- [WHAT YOU ARE ASKED TO DO]
Pictures stay out of the copy. Retype exactly the lines below from the one with "Patagonia Vibrant Blue Quilted Jacket" through the one with "rongweiwang 21 pièces".

- [INFORMATION SUPPLIED]
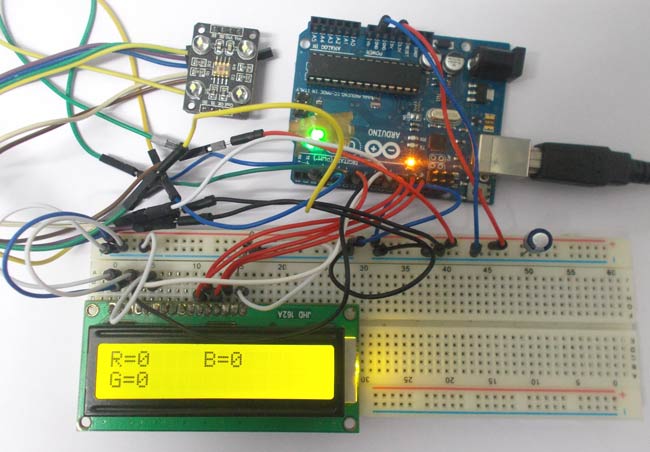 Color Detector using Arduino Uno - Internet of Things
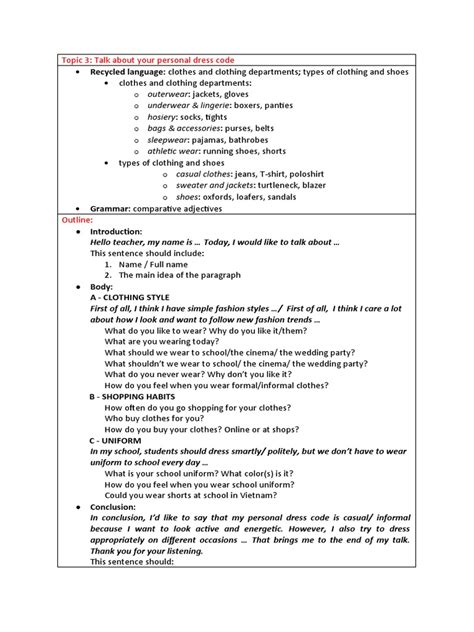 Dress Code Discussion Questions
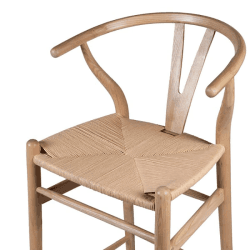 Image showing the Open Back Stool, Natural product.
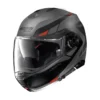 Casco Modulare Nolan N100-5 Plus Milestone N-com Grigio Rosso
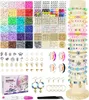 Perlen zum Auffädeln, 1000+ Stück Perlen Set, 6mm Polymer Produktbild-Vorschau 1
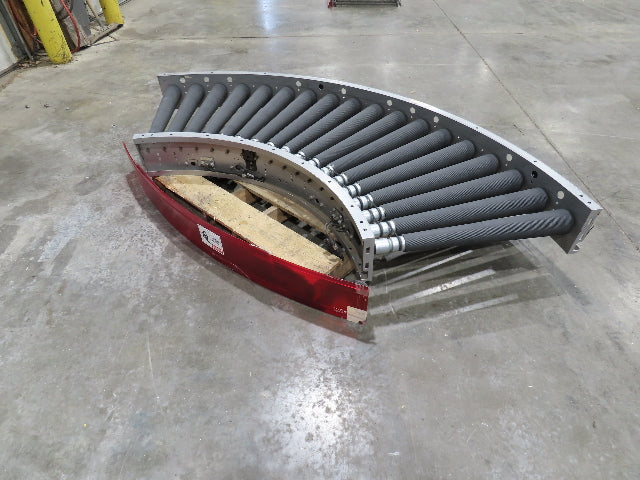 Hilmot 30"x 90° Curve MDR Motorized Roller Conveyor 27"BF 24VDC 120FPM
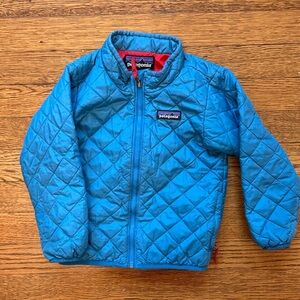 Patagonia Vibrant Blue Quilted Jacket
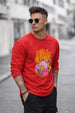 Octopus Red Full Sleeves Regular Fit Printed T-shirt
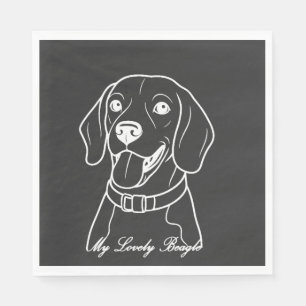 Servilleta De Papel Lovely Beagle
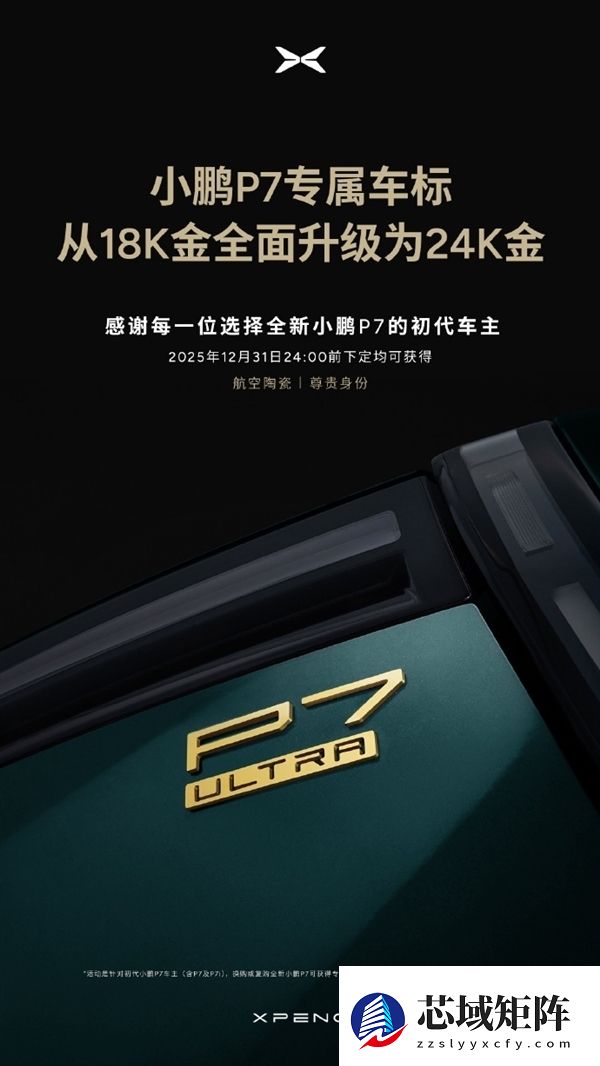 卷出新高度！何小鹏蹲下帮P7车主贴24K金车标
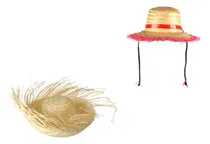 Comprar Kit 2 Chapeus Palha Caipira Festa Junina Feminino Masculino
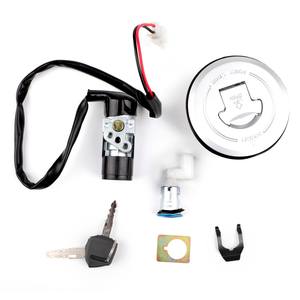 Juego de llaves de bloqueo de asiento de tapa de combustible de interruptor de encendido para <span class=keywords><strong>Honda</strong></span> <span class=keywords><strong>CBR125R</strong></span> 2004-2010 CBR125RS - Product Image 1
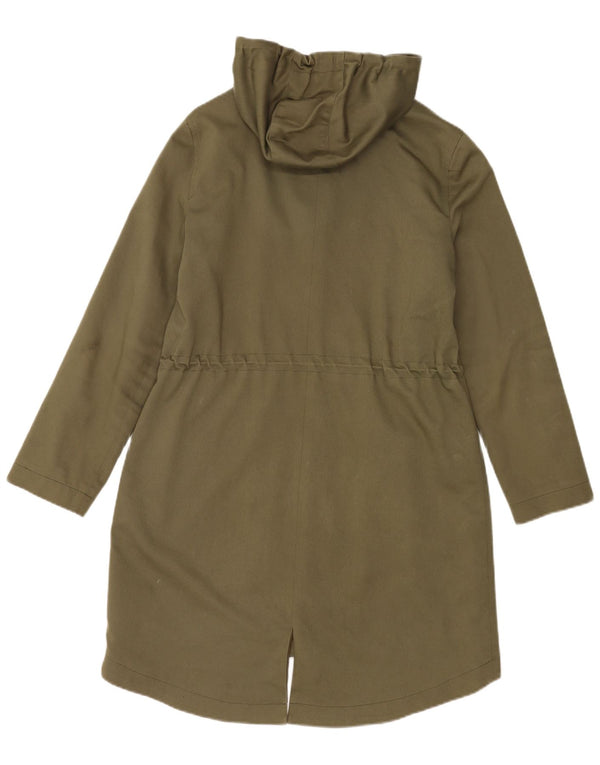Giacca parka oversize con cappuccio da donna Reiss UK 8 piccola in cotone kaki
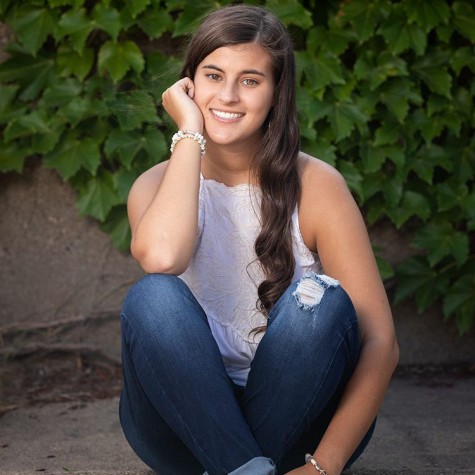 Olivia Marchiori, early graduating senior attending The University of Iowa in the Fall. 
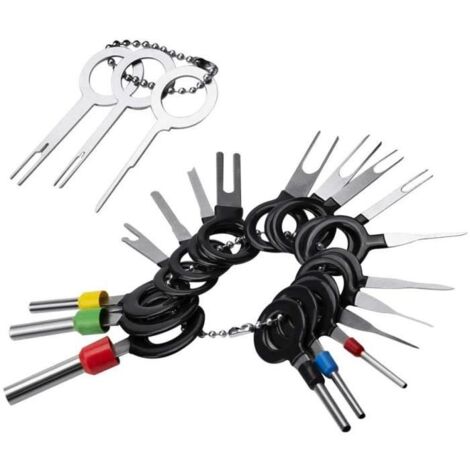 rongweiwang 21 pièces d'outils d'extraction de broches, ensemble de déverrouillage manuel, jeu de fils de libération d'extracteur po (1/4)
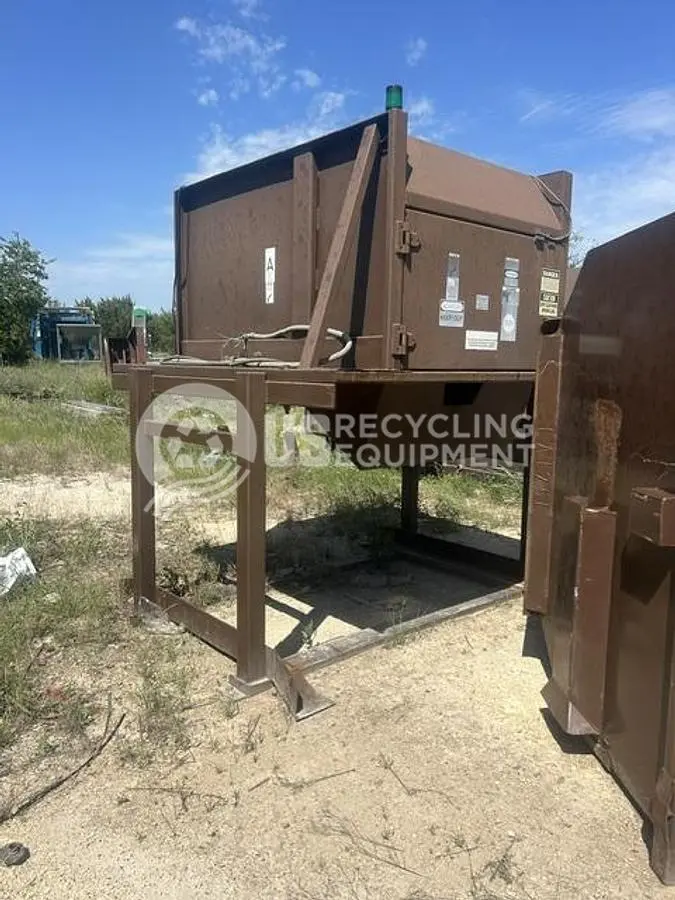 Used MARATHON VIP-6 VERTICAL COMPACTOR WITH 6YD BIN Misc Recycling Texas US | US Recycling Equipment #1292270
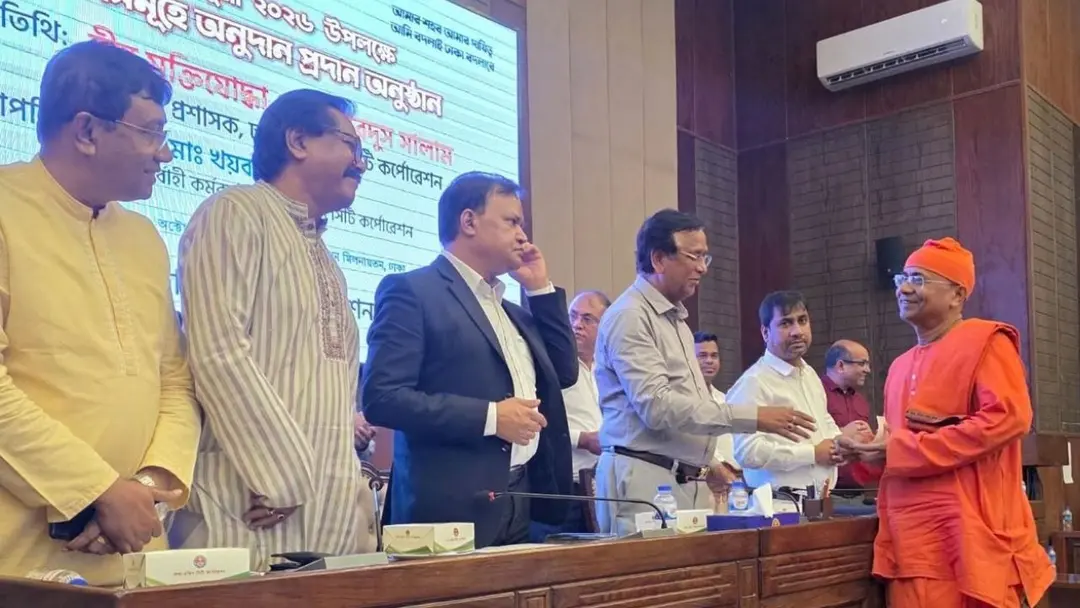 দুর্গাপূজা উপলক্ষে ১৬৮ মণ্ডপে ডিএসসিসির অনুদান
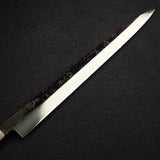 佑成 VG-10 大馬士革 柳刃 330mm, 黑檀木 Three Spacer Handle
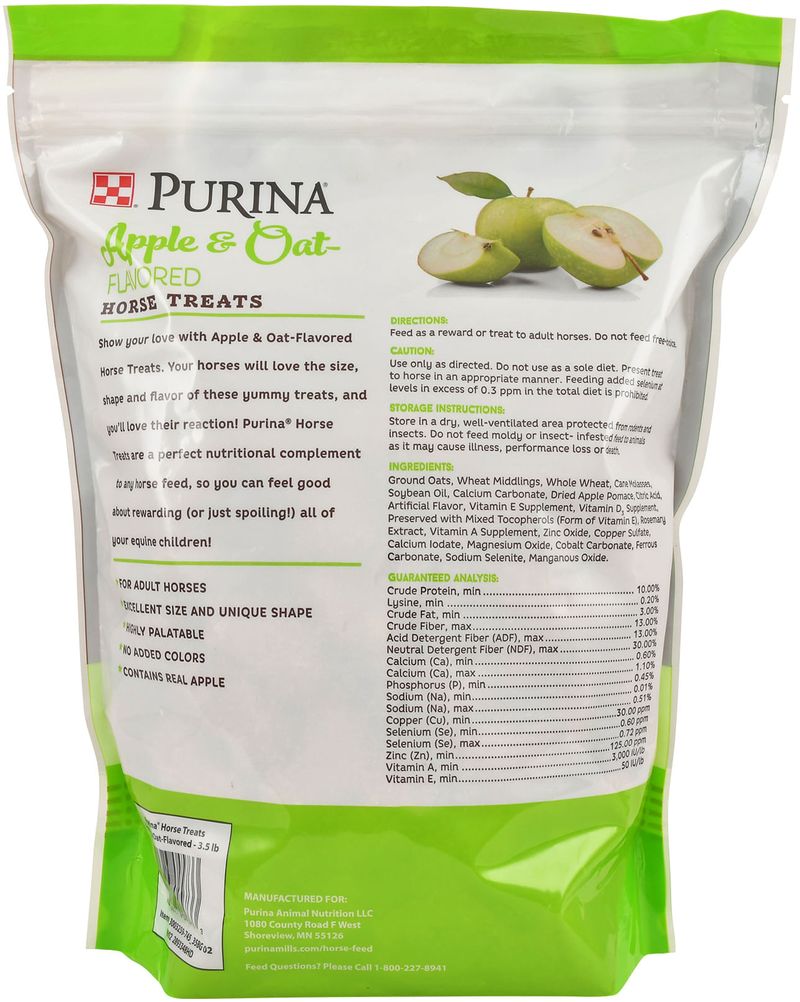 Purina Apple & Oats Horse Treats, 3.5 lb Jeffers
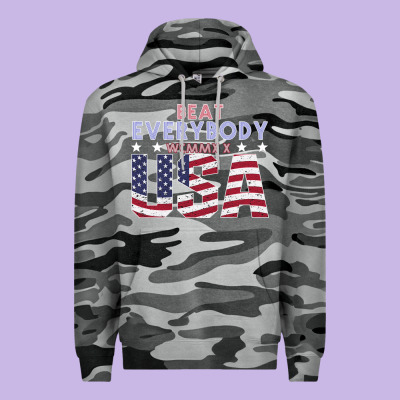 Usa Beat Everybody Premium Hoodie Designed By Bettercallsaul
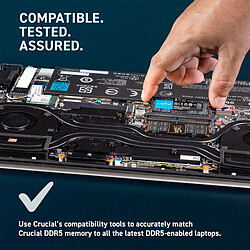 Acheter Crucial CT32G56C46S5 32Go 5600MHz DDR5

- [WRITTEN ANSWER]
 Patagonia Vibrant Blue Quilted Jacket
 Octopus Red Full Sleeves Regular Fit Printed T-shirt
 Servilleta De Papel Lovely Beagle
 卷出新高度！何小鹏蹲下帮P7车主贴24K金车标
 Comprar Kit 2 Chapeus Palha Caipira Festa Junina Feminino Masculino
 Juego de llaves de bloqueo de asiento de tapa de combustible de interruptor de encendido para <span class=keywords><strong>Honda</strong></span> <span class=keywords><strong>CBR125R</strong></span> 2004-2010 CBR125RS - Product Image 1
Giacca parka oversize con cappuccio da donna Reiss UK 8 piccola in cotone kaki
 Olivia Marchiori, early graduating senior attending The University of Iowa in the Fall. 
 rongweiwang 21 pièces d'outils d'extraction de broches, ensemble de déverrouillage manuel, jeu de fils de libération d'extracteur po (1/4)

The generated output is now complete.